■ Brief: This exercise calls for the data below to be retyped exactly, minus any images.

■ Raw data:
----
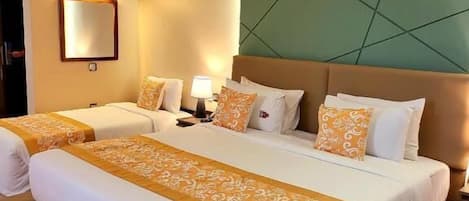 Comfort-Dreibettzimmer | 1 Schlafzimmer, Zimmersafe, Schreibtisch, laptopgeeigneter Arbeitsplatz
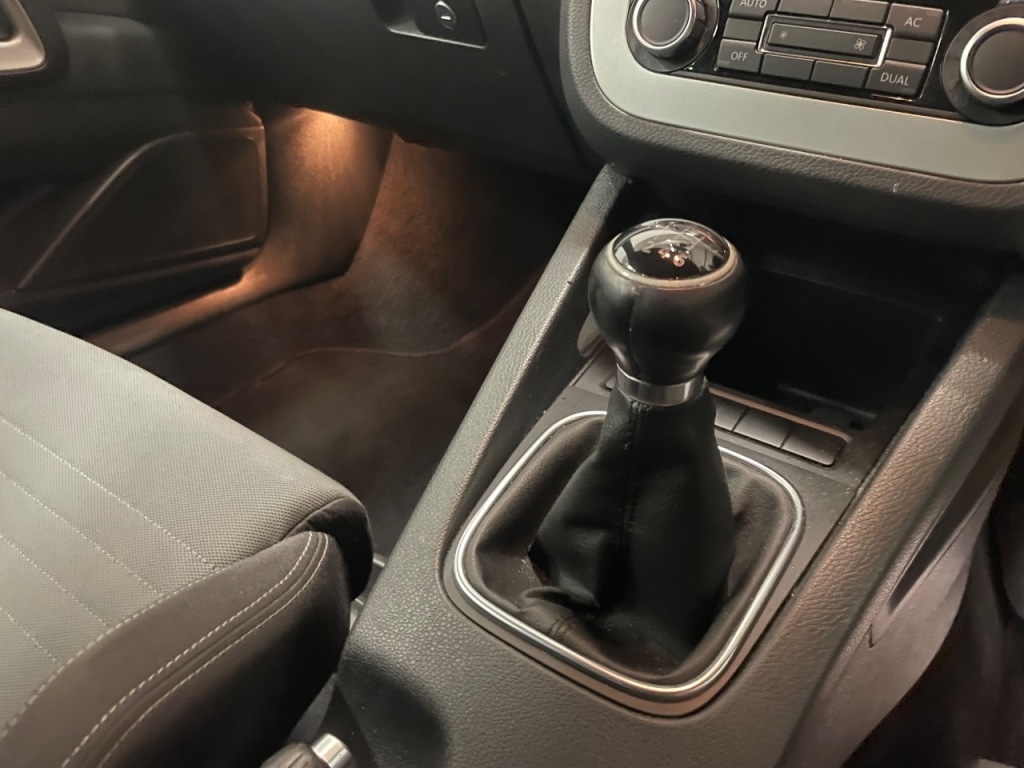 Used Volkswagen Scirocco 2010 for sale - 76972900: Photo 10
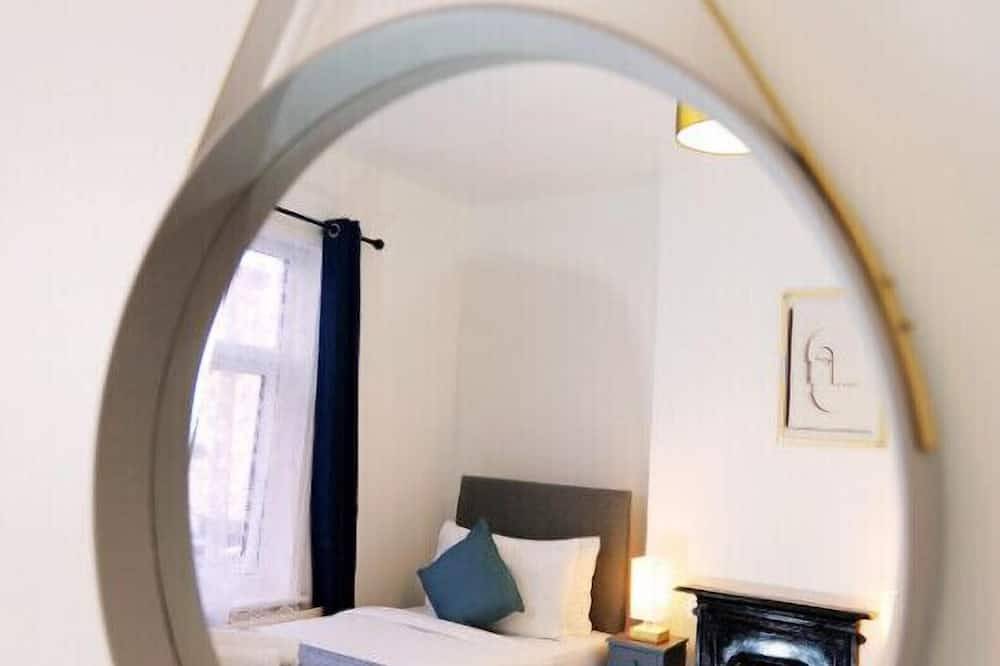 Town Centre House with parking, Wi-Fi in Stafford, Staffordshire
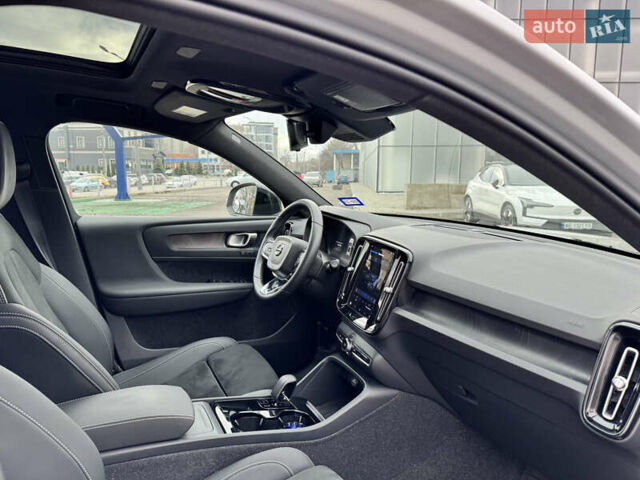 Сірий Вольво XC40 Recharge, об'ємом двигуна 0 л та пробігом 31 тис. км за 31500 $, фото 17 на Automoto.ua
----
■ Result below:
 Comfort-Dreibettzimmer | 1 Schlafzimmer, Zimmersafe, Schreibtisch, laptopgeeigneter Arbeitsplatz
 Used Volkswagen Scirocco 2010 for sale - 76972900: Photo 10
 Town Centre House with parking, Wi-Fi in Stafford, Staffordshire
 Сірий Вольво XC40 Recharge, об'ємом двигуна 0 л та пробігом 31 тис. км за 31500 $, фото 17 на Automoto.ua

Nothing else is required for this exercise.